U.S. regulators are asking exchanges to reveal the pricing and access rules around co-location services, which allow traders to place their servers in the same building as the platform.

The practice helps reduce execution times, and the requests are a broader review of high-frequency trading.

The Securities and Exchange Commission and the Commodity Futures Trading Commission are also seeking information on the volume of trading from co-location, according to exchange officials.

Trading firms pay market operators to place electronic terminals in the same buildings that house exchanges' servers.

While not a new concept, co-location has caught Washington's eye as regulators and lawmakers assess the growing role that high-frequency traders play in U.S. markets.

High-frequency trading firms, mostly private enterprises that execute millions of trades a day in pursuit of oft-tiny spreads, are now estimated to account for two-thirds of all stock trades in the U.S. Their presence is increasingly felt in derivatives markets as well.

Among regulators' chief concerns are that co-location services don't put any one type of market participant at a disadvantage, creating a two-tiered market that advantages those who can pay up for the best access.

Executives at NYSE Euronext (NYX) and Nasdaq OMX Group Inc. (NDAQ) said that the SEC will soon require exchanges to publish their co-location pricing alongside other exchange fees, with regulators able to approve or disapprove co-location fee schedules.

"What the SEC is concerned with, and what we're concerned with, is that anybody who wants that kind of access to a marketplace can do so, and do so in a fair, transparent way," said Eric Noll, head of transaction services for Nasdaq OMX.

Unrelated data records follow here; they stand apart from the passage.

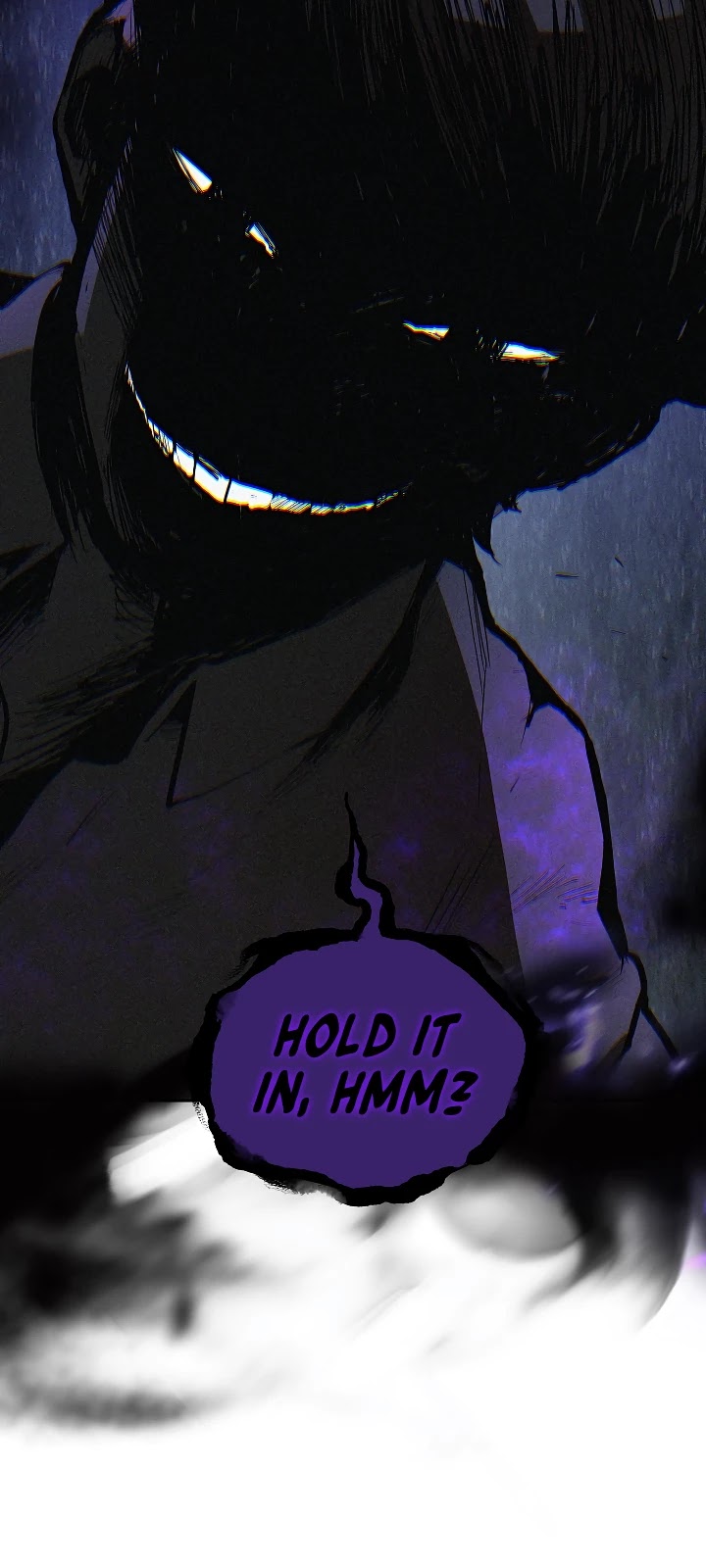 FFF-Class Trashero Chapter 62 page 37 - Chapter 62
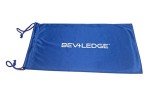 Travel Window Organizer: Perfect Gift for Travelers
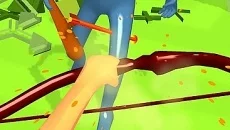 Archer Hero 3D - дата выхода для Android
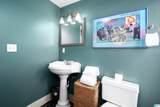 2201 1ST AVENUE - Photo 14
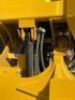 Caterpillar 928H Wheel Loader - 32
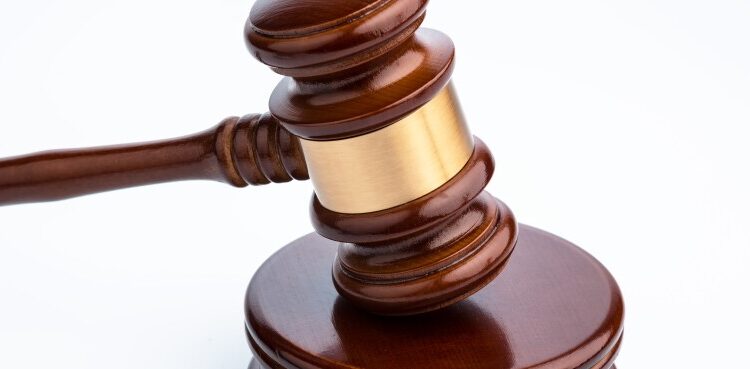 gavel-091918.jpg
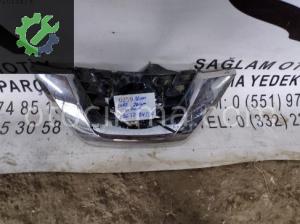 OEM; 62072-bv83a NİSSAN JUKE 2014 PANJUR OEM; 62072-BV83A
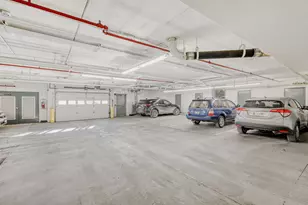 720 Creekside Dr, Mount Prospect, IL 60056 - Photo 16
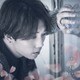 HOON／雪桜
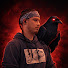 OO76OPC8sjA-channel-avatar-Coleman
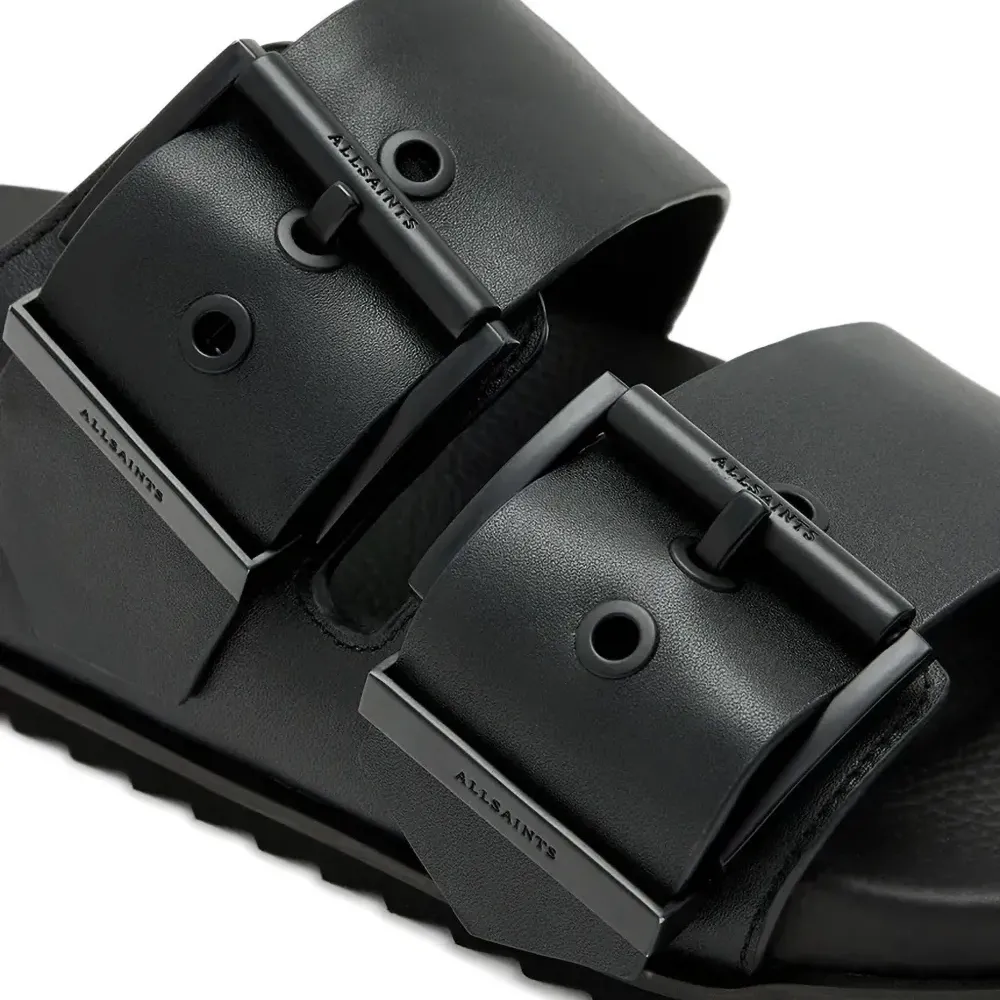 Шлепанцы Sian Шлепанцы Sian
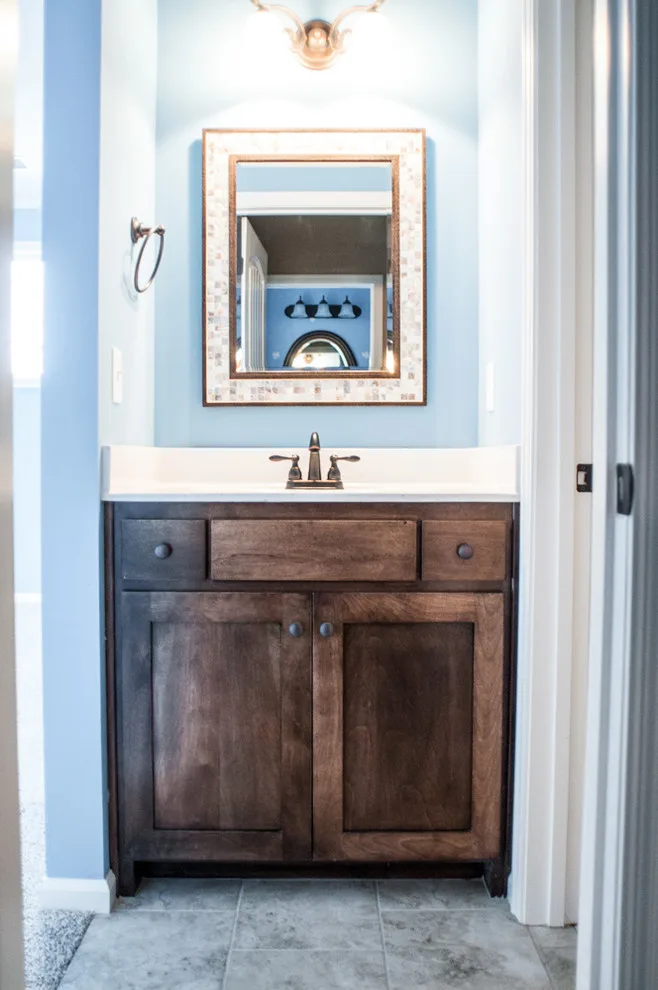 Benton Project by Cardinal Crest Homes - Photo 115
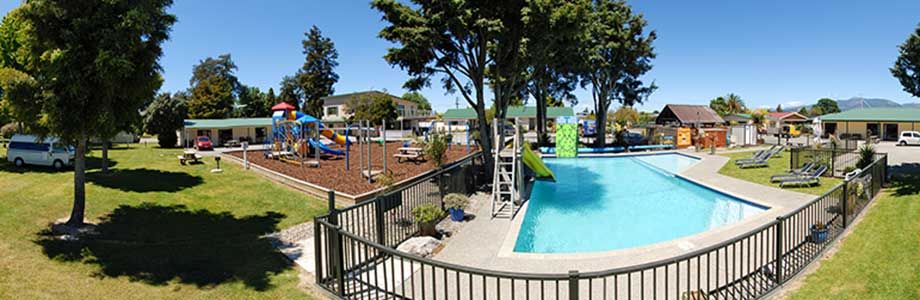 Holiday Park Nz | Weekends at Holiday Parks in New Zealand | Propecia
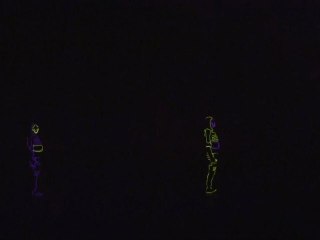 WRECKING CREW ORCHESTRA 20120208EL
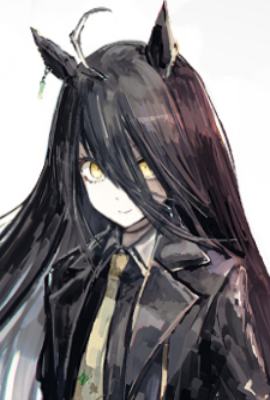 ��ѵ��Ա�ˣ�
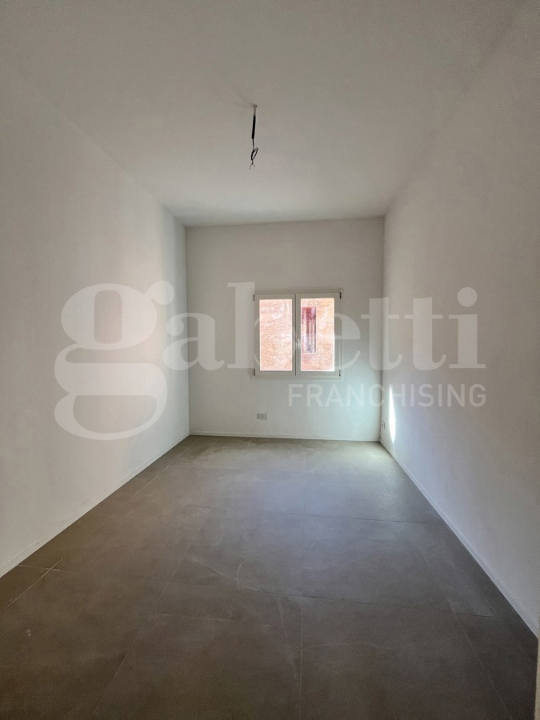 Appartamento - Image 13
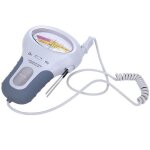 Testeur de chlore & ph testeur de niveau testeur testeur piscine spa moniteur deau analyse de la qualit ...
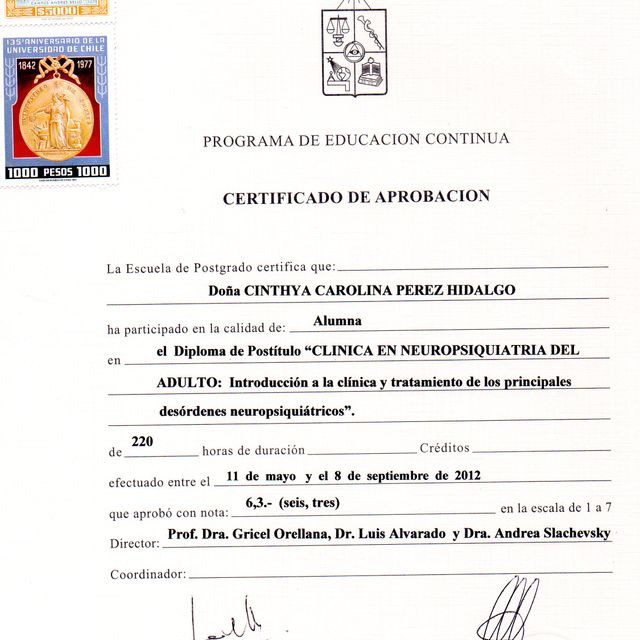 Acercar imagen: certificate 1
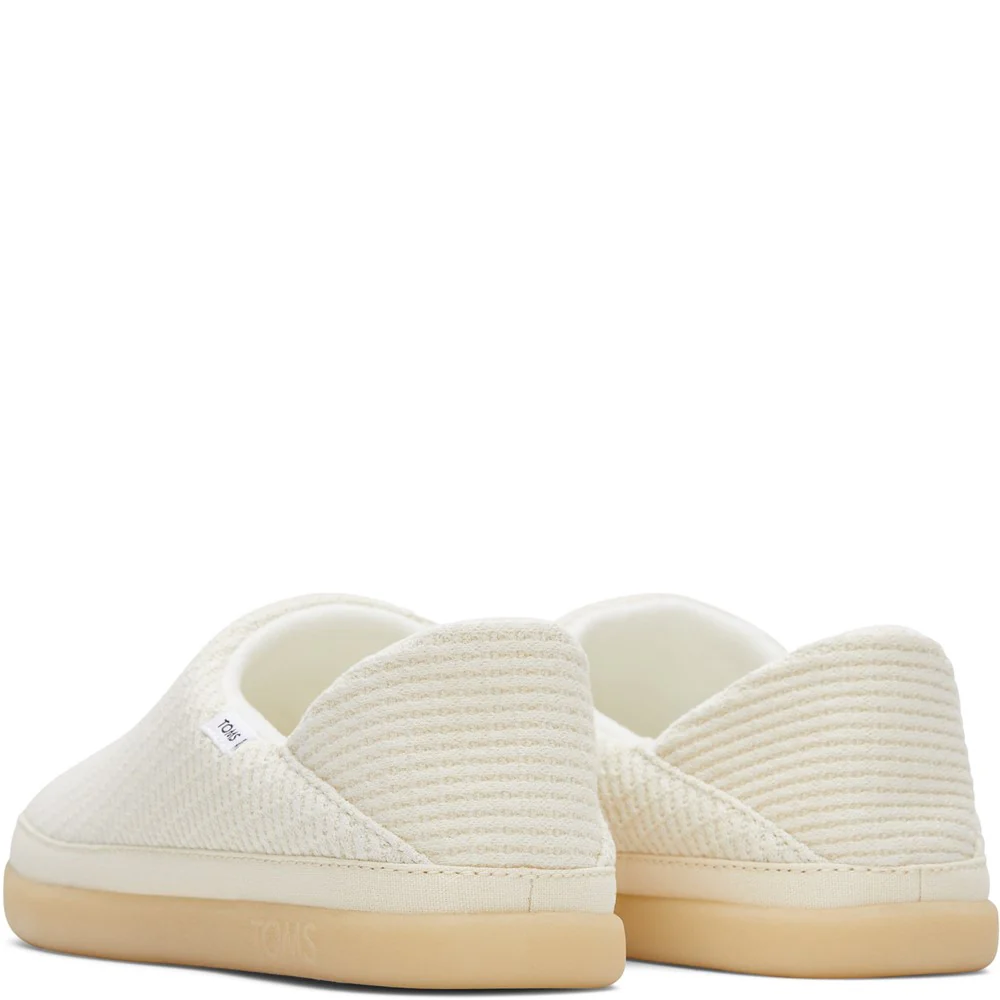 TOMS Ezra Slippers - Image 2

From the exchange perspective, offering co-location creates a level playing field - any trading firm that wants to take advantage of close proximity can pay a standard fee and get the same speed as any other firm co-locating their trading systems in the same place as the exchange's infrastructure.

"All the high-frequency traders want is to make sure they're not at a disadvantage to anyone else," said Lawrence Leibowitz, global technology chief for NYSE Euronext. "Our goal is to have everybody on the same level."

Most exchanges, like Nasdaq OMX, Direct Edge and BATS Exchange, maintain partnerships with data center operators like Verizon Communications Inc. (VZ) and Equinix Inc. (EQIX) to provide co-location for high-speed trading outfits.

NYSE Euronext is building its own 400,000 square foot data center in Mahwah, N.J.

To a certain extent, Leibowitz said, exchanges have to offer co-location - if they didn't, a third party could buy the building next to an exchange's data center and rent out rack space to the highest bidder, promising the lowest possible latency.

"It's like real estate," he said.

Nasdaq OMX's Noll noted that co-location is about more than speed of trading. Locating firms' trading systems within the same facility as exchange servers ensures better security and a sustained connection to the marketplace, he said.